POLICE morale is lower than ever in the wake of crippling Government cuts, says Hartlepool MP Iain Wright.
Mr Wright has voiced his concerns about the impact on both officers and the general public of a 20 per cent reduction in Cleveland Police’s funding due to Government cutbacks.
He says he foresees a dire future for town residents, predicting crime will rise as a result of the knock-on effect of people losing jobs or being concerned about their future – meaning the police are needed more than ever.
Mr Wright, who has contributed to a debate on the issue in Parliament, said in his column in the Mail today: “It makes the job of a police officer that bit harder when there is added risk of rising crime and cuts in terms and conditions on an unprecedented scale.
“That is why police officers tell me that morale is lower than in living memory.”
He said concerned officers who contacted him told him they are finding it increasingly difficult to carry out their jobs, which Mr Wright says “is not what the decent people of Hartlepool, and the police officers who serve the town, deserve”.
Cleveland Police Federation chairman Steve Matthews said he shares Mr Wright’s concerns.
He said: “I would whole-heartedly agree with what Mr Wright is saying.
“The police are going through a very traumatic time at the moment and there is lots of uncertainty - officers are genuinely concerned about their families and job security.
“The cuts will have a huge effect on the community.
“The people of Hartlepool are going to see fewer officers on the beat and response times will unfortunately become slower and resilience of the service to deal with complaints will become much reduced.
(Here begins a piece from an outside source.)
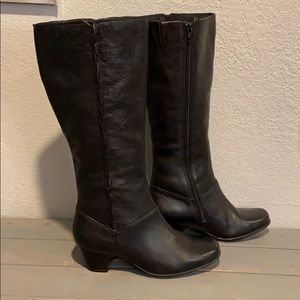 NEW Clark’s Cardy black leather zip-up boots, 9.5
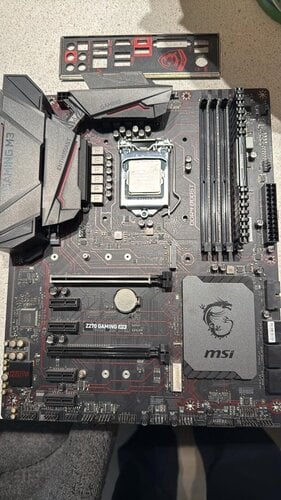 Περισσότερες πληροφορίες για "i7 6700k + μητρική z270 gaming m3 + 16gb ram"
And for the officers a demoralised workforce proves difficult with dealing with problems.”
Cleveland Police needs to save £24m over the next four years and has already accepted that 230 officers will have to go over the next two years.
A survey by the Cleveland Police Federation revealed that 88 per cent of officers think cutting staff numbers will have a detrimental effect on crime levels.
Another 73 per cent believe their workloads have already increased or will increase and 90 per cent say the service will be worse for the changes.